The -mm tree is included into linux-next via the mm-everything
branch at git://git.kernel.org/pub/scm/linux/kernel/git/akpm/mm
and is updated there every 2-3 working days

------------------------------------------------------
From: Ankur Arora <ankur.a.arora@oracle.com>
Subject: x86/mm: Simplify clear_page_*
Date: Mon, 15 Dec 2025 12:49:19 -0800

clear_page_rep() and clear_page_erms() are wrappers around "REP; STOS"
variations.  Inlining gets rid of an unnecessary CALL/RET (which isn't
free when using RETHUNK speculative execution mitigations.) Fixup and
rename clear_page_orig() to adapt to the changed calling convention.

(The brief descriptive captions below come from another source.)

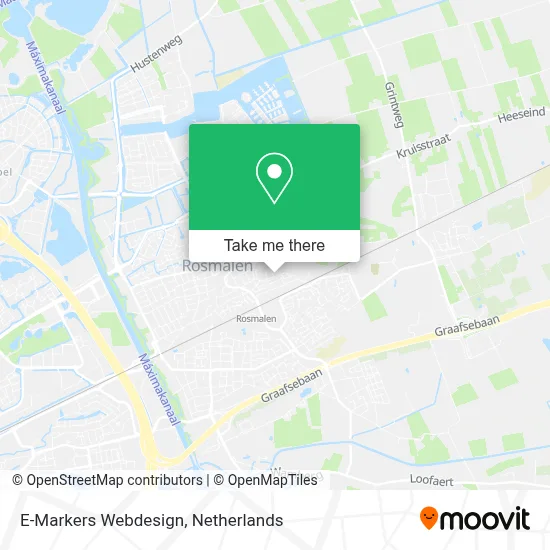 E-Markers Webdesign map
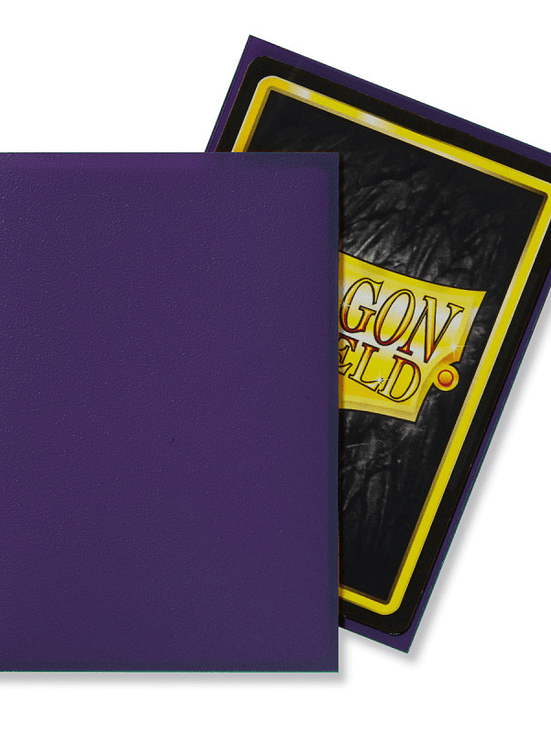 DRAGON SHIELD -SLEEVES STANDARD SIZE MATTE 100 - PURPLE 2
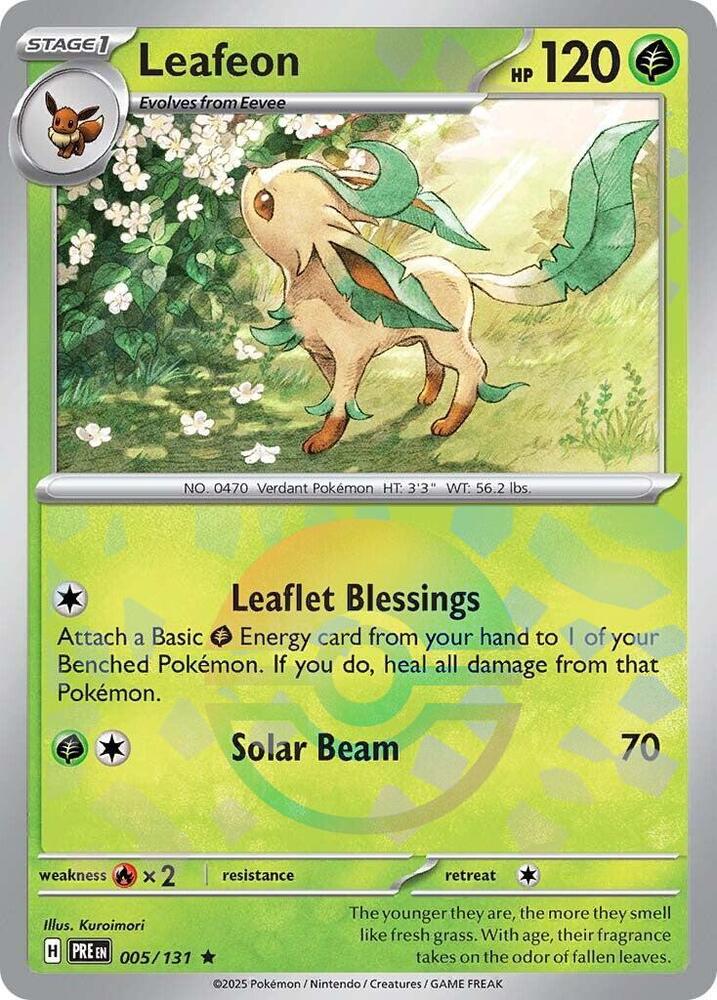 Leafeon (005/131) (Poke Ball Pattern) [Scarlet & Violet: Prismatic Evolutions] | Clutch Gaming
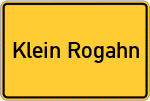 Place name sign Klein Rogahn
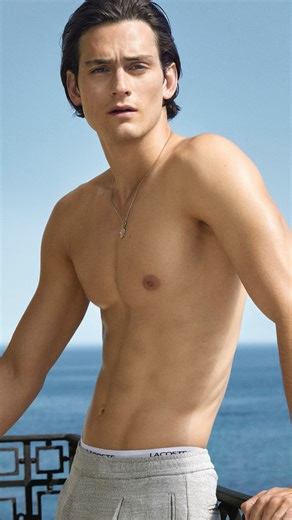 Elite Model Paris | @tristan_ridel for @lacoste Original Aqua 🐊 | Instagram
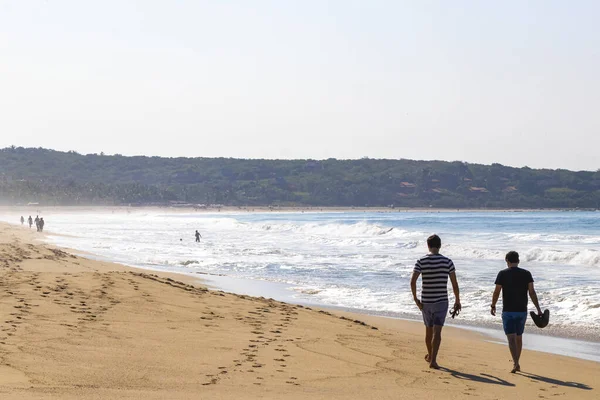 stock image Puerto Escondido Oaxaca Mexico 13. November 2022 Extremely huge big surfer waves on the beach at La Punta de Zicatela Puerto Escondido Oaxaca Mexico.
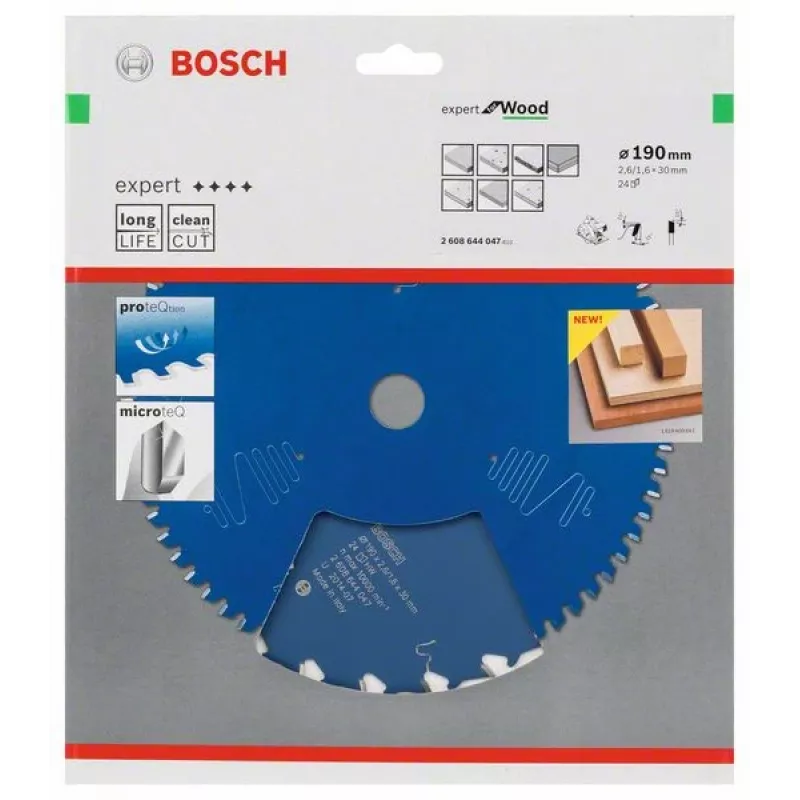 Bosch 2 608 644 047 Kreissägeblatt 19 cm 1 Stk.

Also add a comment from Dave Hansen detailing various clearing mechanisms
used in clear_page().

Link: https://lkml.kernel.org/r/20251215204922.475324-6-ankur.a.arora@oracle.com
Signed-off-by: Ankur Arora <ankur.a.arora@oracle.com>
Tested-by: Raghavendra K T <raghavendra.kt@amd.com>
Reviewed-by: Borislav Petkov (AMD) <bp@alien8.de>
Cc: Andy Lutomirski <luto@kernel.org>
Cc: Boris Ostrovsky <boris.ostrovsky@oracle.com>
Cc: David Hildenbrand <david@redhat.com>
Cc: "H. Peter Anvin" <hpa@zytor.com>
Cc: Ingo Molnar <mingo@redhat.com>
Cc: Konrad Rzessutek Wilk <konrad.wilk@oracle.com>
Cc: Lance Yang <ioworker0@gmail.com>
Cc: Mateusz Guzik <mjguzik@gmail.com>
Cc: Matthew Wilcox (Oracle) <willy@infradead.org>
Cc: Peter Zijlstra <peterz@infradead.org>
Cc: Thomas Gleinxer <tglx@linutronix.de>
Signed-off-by: Andrew Morton <akpm@linux-foundation.org>
---

 arch/x86/include/asm/page_32.h |    6 ++
 arch/x86/include/asm/page_64.h |   67 ++++++++++++++++++++++++-------
 arch/x86/lib/clear_page_64.S   |   39 +++---------------
 3 files changed, 66 insertions(+), 46 deletions(-)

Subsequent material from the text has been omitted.